Il doping contro la fobia sociale: assolto
Con gli anabolizzanti curava il look e vinceva i suoi complessi, il giudice gli dà ragione
Igiudici hanno assolto «perché il fatto non sussiste» un culturista ventottenne a cui erano state sequestrate quantità di sostanze anabolizzanti tali da costituire reato. I difensori hanno spiegato che l’uomo grazie al doping affrontava una fobia sociale. «Migliorando il suo look affrontava e riusciva a superare i suoi complessi». Una tesi accolta dal tribunale, che ha dunque assolto l’uomo.
Una montagna di sostanze dopanti e in quantità tali da costituire un reato punito con pene da 3 mesi a 3 anni. Per chiunque. Ma non per lui, 27enne pugliese che il Tribunale assolve «perché il fatto non costituisce reato», nella convinzione che «l’assunzione di quelle sostanze non si proiettasse esternamente in direzione di gare o di competizioni sportive» (nè sua nè di altre persone), ma «rappresentasse per l’imputato il veicolo principe attraverso il quale» contrastare una propria patologia di «fobia sociale» e «aumentare la propria autostima personale».
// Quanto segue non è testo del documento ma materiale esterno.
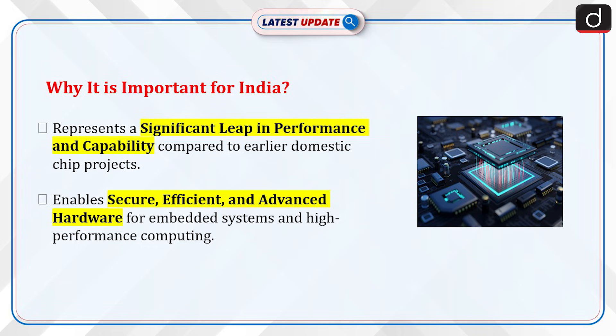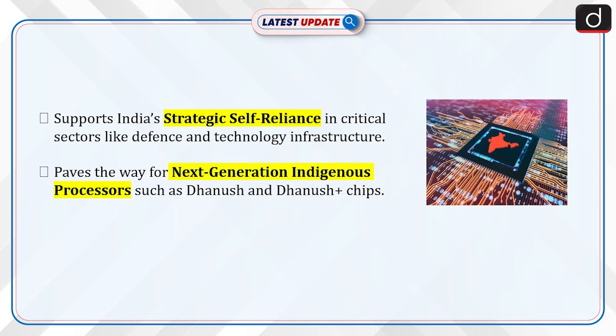Let's discuss why Dhruv64 is important for India. It represents a significant leap in performance and capability compared to earlier domestic chip projects. It enables secure, efficient, and advanced hardware for embedded systems and high-performance computing. It supports India's strategic self-reliance in critical sectors like defense and technology infrastructure, and paves the way for next-generation indigenous processors such as the Danush and Danush Plus chips.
Frutto di un lavoro dei carabinieri del Nas a partire dal sequestro di un pacco postale a Linate, il ritrovamento nel 2016 a casa del giovane di un autentico «arsenale» chimico è incontestabile. Ciò che invece i difensori Guido Camera e Paolo Mendicino riescono a far emergere è una particolare patologia che il consulente tecnico definisce «forte fobia sociale con diverse ansie prestazionali», contro la quale il giovane ingurgitava pasticche pseudo-performanti di ogni genere «per affrontare qualsiasi situazione sociale, anche la più banale come prendere il caffè sotto casa, uscire con gli amici, intrattenere rapporti personali, al precipuo scopo di sentirsi “all’altezza”». Per «aumentare la propria autostima», cioè, il giovane avrebbe «trovato il sistema di investire sull’aspetto estetico, aumentando la massa muscolare tramite l’assunzione incontrollata» di sostanze di varia natura che aveva fatto preoccupare anche il padre (al punto da avviare il figlio un percorso psicoterapeutico): assunzione di sostanze dopanti già dall’età di 16 anni; allenamento fisico esasperato ma solo entro le mura di casa dove aveva allestito una piccola palestra (paradossalmente non essendo interessato ad alcuna attività sportiva o prestazione agonistica); e «maniacale dedizione alla disciplina del bodybuilding attraverso un ciclo di definizione del proprio corpo che, con l’assunzione smodata di integratori alimentari», comprati in maniera spericolata su Internet, «lo aveva portato a ottenere un aumento di addirittura di 40 chili» in appena 4 mesi «da settembre a dicembre 2015.
La giudice Ombretta Malatesta conclude che è pacifico l’elemento oggettivo del reato, che punisce chiunque assuma, somministri o procuri ad altri l’utilizzo di sostanze attive al fine di alterare le prestazioni agonistiche.
Ma assolve l’imputato perché valuta che a difettare sia invece l’elemento soggettivo del reato, cioè lo scopo di assumerle in chiave dopante sportiva o (peggio) di spacciarle a terzi.
La giudice rileva infatti come anche i tabulati telefonici escludano contatti illeciti con l’esterno, e confermino invece il quadro istruttorio di «un soggetto isolato, timido, privo di competenze relazionali e sociali», che «vive in una dimensione nella quale l’aumento della propria autostima coincideva con il miglioramento del proprio aspetto estetico, inteso quale aumento della massa muscolare: il bisogno vitale era diventato quello di sentirsi sicuro e adatto in tutte le situazioni sociali (come ordinare un caffè, fare la spesa, avere un rapporto sessuale) attraverso il proprio aspetto».